UNCG Students to Screen Short at Cannes Film Festival
June 27, 2017
Sophomore media studies major Brendan Malone has yet to do his first in-school filmmaking assignment, but this month he’ll screen his short, “Foodie,” at one of the world’s most noteworthy film venues: the Cannes Film Festival.
In the fall, he wrote and directed “Foodie” in the span of a week as a part of the Campus MovieFest competition. It took three major awards at UNCG – the Audience Award, the Silver Tripod Award for Editing and the Jury Award given to four finalists.
But then came the big news. It was selected to be a part of the Campus MovieFest roster for Cannes 2017, as a part of the Short Film Corner program.
Malone will travel to the festival in southern France with the film’s producer, Alex Suggs, who is also a sophomore media studies major at UNCG.
“Foodie” is a character-based short about a man on a mission to get free food. He participates in a contest that promises a free plate of enormous food with a catch – it has to be eaten in one sitting. The protagonist collects a dedicated audience for his task, but isn’t so courteous to them when he begins to fail at his mission. (Picture food flying toward the onlookers, in the moment of defeat.)

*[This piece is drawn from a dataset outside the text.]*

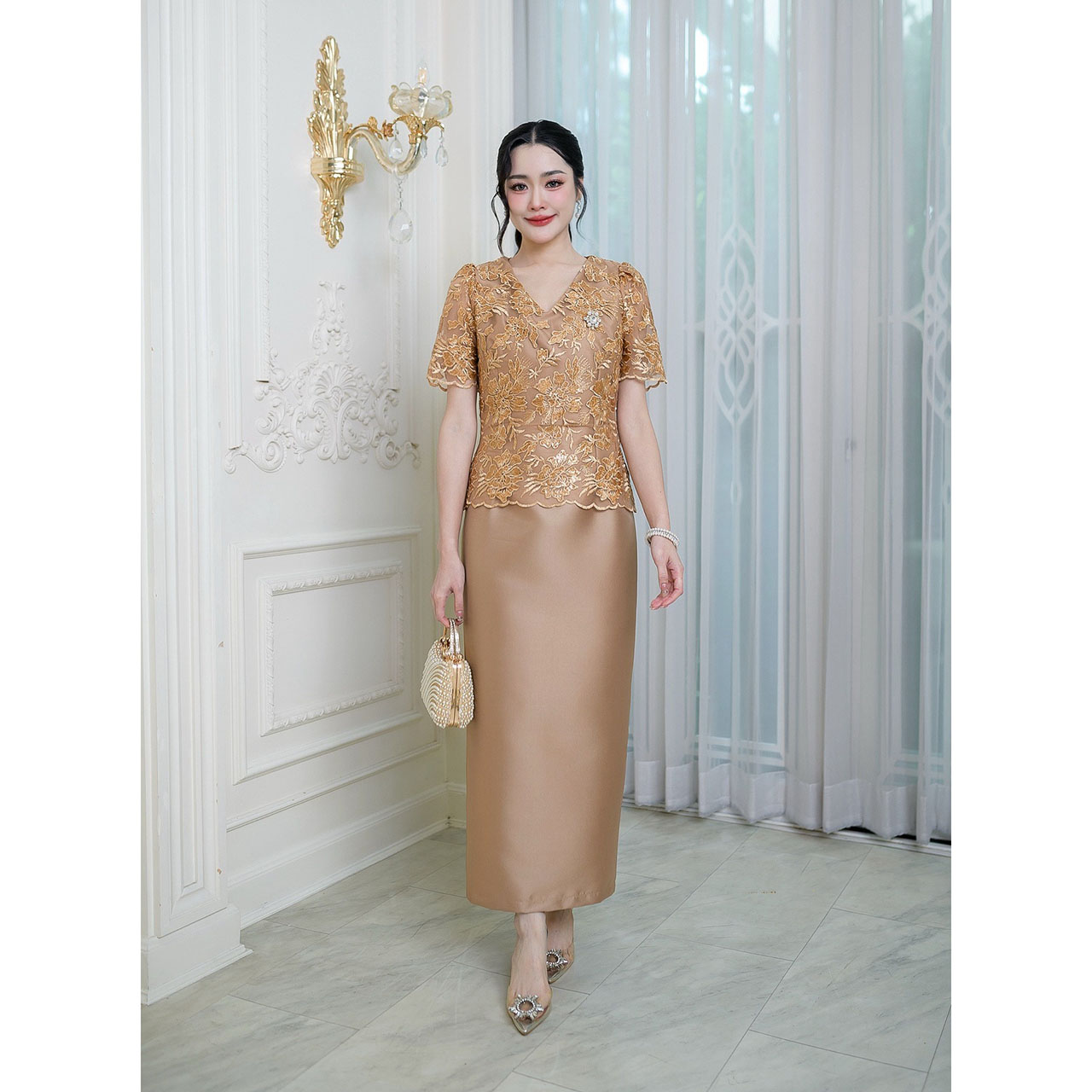 kudapy เดรสผ้าไหม ลูกไม้ปักแต่งเลื่อมทั้งชุดคอวี แต่งซิปหลัง มีซับใน กระโปรงผ่าหลัง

Malone says that “Foodie” was a reflection of what his hectic daily filmmaking life felt like at the time – “free if you can finish it.” When his friends and family asked if they could help, he said, “I think I’ve got a place for you.” Malone’s father can be seen being hit in the face with a hamburger. His mother, School of Nursing professor Dr. Laurie Kennedy-Malone, can be seen as well in the crowd of bystanders.
When the time comes for Malone to make films as part of his academic studies, he certainly won’t object to that – he’s already connected with UNCG Media Studies professors Matthew Barr and Kevin Wells, who have given him feedback on scripts and advice on shooting.
But initiating and executing his own projects alongside his college courses has given him a distinct motivation.
“There are really no limits,” he says.